You can play for hours -- instant analyses of what's significant in our lives, a lightning-fast way to find out what your friends value. Bill Gates, out. Steve Case, out, but only in Washington. Lee Iacocca, in.
But now there's a whole new game, with a completely different set of standards. It's called Going 24, as in, whose death will precipitate another of those orgies of coverage in which the 24-hour cable news channels ignore everything else in the world to whip up emotions and squeeze the public for tears and ratings points?
This is a much narrower universe than the world of Page One candidates. And significance -- what a person has actually done -- plays very little role in these choices.
Play In or Out, and you'll find yourself discussing the relative worth of being the second guy to walk on the moon, leading a worldwide cult or directing "Apocalypse Now." (Buzz Aldrin, Sun Myung Moon, Francis Ford Coppola -- all out, though Aldrin only if Neil Armstrong survives him. Sorry, it's a harsh world.)
But play Going 24, and no such judgments are necessary. Now, only your emotions matter. Whose death will tap into deep memories? Whose passing can be mined to lay bare a rich vein of nostalgia that can be converted into a bottomless curiosity that you loathe to see in yourself, but cannot stamp out? Princess Di and JFK Jr. were obvious choices -- royal figures, with cross-generational appeal and images seared into what's left of our collective unconscious. Sinatra came close.
Who else? Perhaps Billy Graham and Bob Hope, probably the two remaining great Americans of the century. Oprah Winfrey and Bill Cosby, entertainers with the kind of appeal it is no longer possible to generate, given how splintered pop culture has become in a 300-channel universe. Bill Clinton and Ronald Reagan, but no other past president. The others just didn't sink into our lives enough, generating neither the devotion nor the loathing that Clinton and Reagan did.

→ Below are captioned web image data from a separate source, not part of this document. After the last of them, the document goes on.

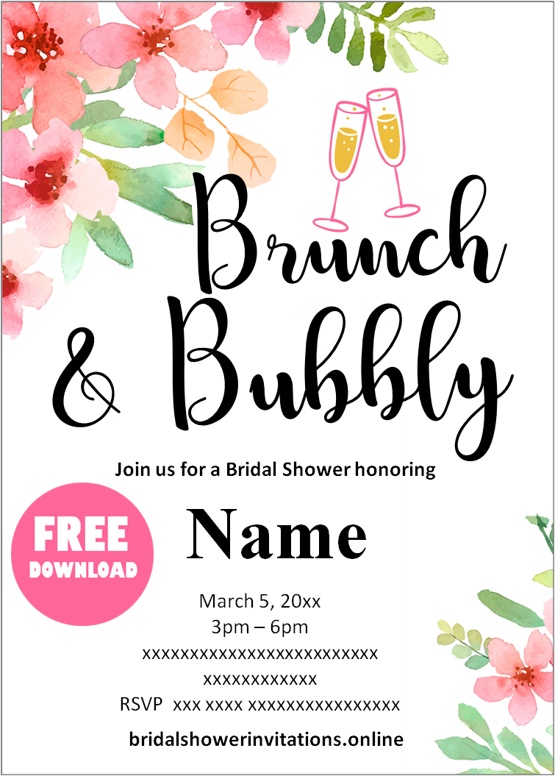 bridal shower invitations templates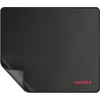 Image de CHERRY MP 1000, Tapis DE Souris Premium XL en Tissu, (350 x 300 x 5 mm), Surface Lisse pour la Précision, Bords Cousus, Antidérapant, Enroulable, Noir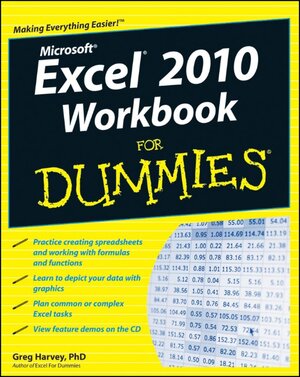 Buchcover Excel 2010 Workbook For Dummies | Greg Harvey | EAN 9780470489604 | ISBN 0-470-48960-X | ISBN 978-0-470-48960-4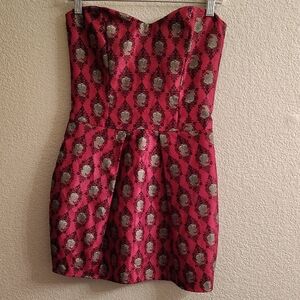 Rubber Ducky Productions Strapless Pink and Black Dress C24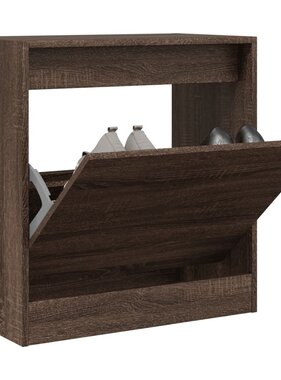 VidaXL Schoenenkast 60x34x63,5 cm bewerkt hout bruineikenkleurig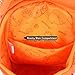 OFUN Dinosaur Backpack for Boys, 11'' Toddler Preschool Backpack, Dinosaur Toys Bag for Kids (Orange)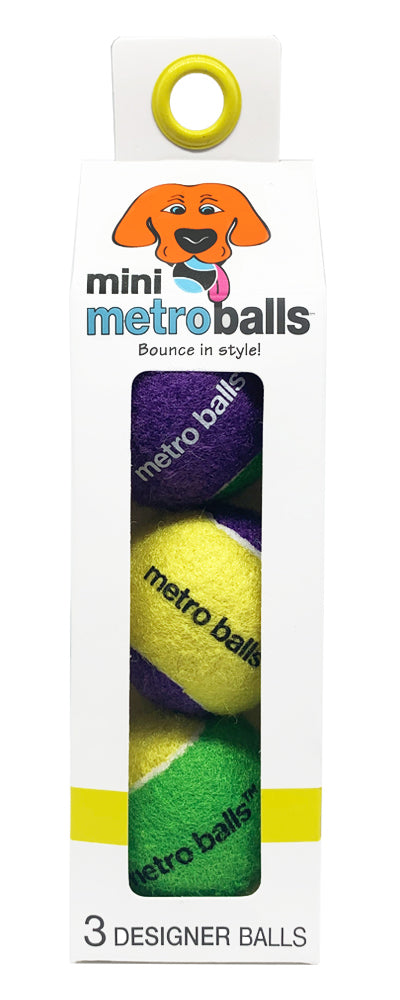 Mini Metro Balls, 3 pk Colors: Yellow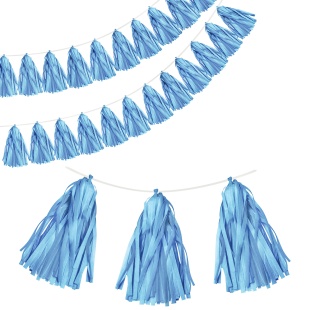 Гирлянда Тассел, Голубой, 35*12 см, 12 листов.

Katharine Hepburn -- maybe. The pope -- this one, yes. Mikhail Gorbachev -- no. Probably no foreign leader except maybe Saddam Hussein, and only if he goes violently. No scientist, no philosopher, no judge. But watch those cable channels sizzle when Paul McCartney goes. But not Mick Jagger.
Just as targeted marketing, ethnic pride, the Internet and cable TV have stolen our sense of a common culture, so too do the 24-hour news channels impair our ability to judge what is of such overriding importance that we drop everything and seek community in information.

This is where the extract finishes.